継承を使えば、クラスを拡張してもっと強力にできることはわかりました。ただ、継承というのは「拡張した新しいクラスを作る」というものであって、あるクラスそのものを拡張するわけではありません。が、既にあるクラスをあちこちで使っていると、「継承して作った新しいクラスを使うようにすべて修正する」というのはかなり大変です。それに、例えば整数とかテキストとかいった基本的な値を拡張したい、というような場合、継承はあまり役に立ちそうにありません。

こうした場合に用いられるのが、「既にあるクラスを再定義して拡張する」という手法です。実は、Rubyでは、既に定義されているクラスを更にclassを使って定義することが可能なのです。新たにclassでクラス定義を用意すると、その中に用意されたメソッドやインスタンス変数などがそのクラスに追加されます(クラスが置き換わるわけではありません)。これを利用することで、Rubyに最初から用意されているクラスの機能を変更することなどもできるようになります。

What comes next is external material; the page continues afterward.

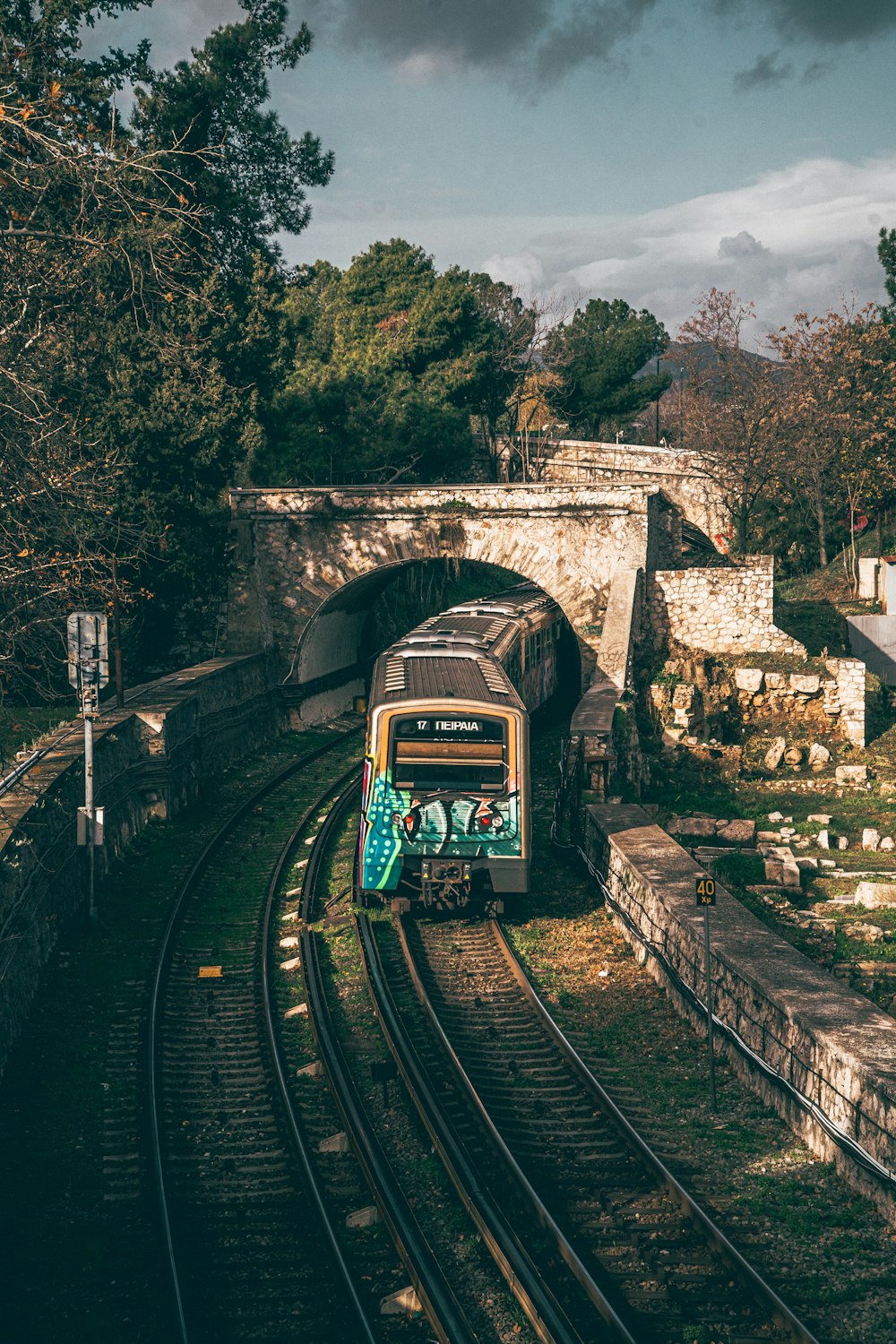 a train traveling through a tunnel under a bridge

では、実際にやってみましょう。ここではわかりやすい例として、Rubyに用意されているIntegerクラスを拡張してみることにします。

Rubyでは、整数の値は「Integer」というクラスとして用意されています。Rubyのスクリプトに書いている「123」などといった数字は、実はすべてIntegerクラスのインスタンスなのです。ということは、このIntegerクラスを拡張すれば、整数の機能を変更することができる、というわけですね。

下のリスト欄にサンプルを掲載しておきました。ここでは、「to_ks」というメソッドをIntegerに追加しています。これは、to_sの漢字版で、整数の値を全角漢数字にしたテキストを返すものです。といっても「百二十三」というように桁まで表示するのは面倒くさいので、単に「一二三」というように表示させるものを作ってあります。

ここでは、n = 12300というように数字を変数に収めてからn.to_ksを出力していますが、もちろん、12300.to_ksというように数字から直接メソッドを呼び出してもかまいません。これで、「一二三〇〇」というように漢数字が得られます。変数nの値を色々と変更して試してみて下さい。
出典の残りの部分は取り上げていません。